Yeah I said it and the wee rascal is always here, if it was a person I'd punch it in the face (or worse) but it's not so instead I'm trying to work with it best I can. I win some days and depression wins the rest.. But, I will win them all some day. 


If I'm honest I don't know what I'm hoping to gain from writing this, I just know when I write to my best friend a weight is lifted from me and if I gotta type it out to freedom, I will. I can't ever explain why I get sad, I have tried many times and mostly I just give up trying to explain, because mainly people don't get it unless they have some experience with it all you will hear is "oh shake it off" or "it's just a phase it'll pass" and "snap out of it". Well I have been in this 'phase' for a few years and it's still hanging on tight and I've been shaking it off and snapping away without any joy. 

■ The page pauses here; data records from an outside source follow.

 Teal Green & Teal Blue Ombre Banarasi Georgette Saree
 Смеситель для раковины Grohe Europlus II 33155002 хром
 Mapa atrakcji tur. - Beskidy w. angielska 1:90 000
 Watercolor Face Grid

 Basically what I'm trying to say is please be careful what you say to people if they open up to you, because after all that person felt they could confide in you. Only a handful of people know I live with depression and it has been great but has also backfired on me, I confided in someone only for them to them decide i wasn't suitable for friendship anymore. I'm still who I always was with just an extra piece of baggage. 

I'm no where near a professional writer or anyway trained in mental health topics, so not everyone will appreciate this post. But if my wee rant pages help at least one person to admit their struggles and seek the help they need then I'll be pleased. 

Stay safe, stay healthy and look after your sunshine!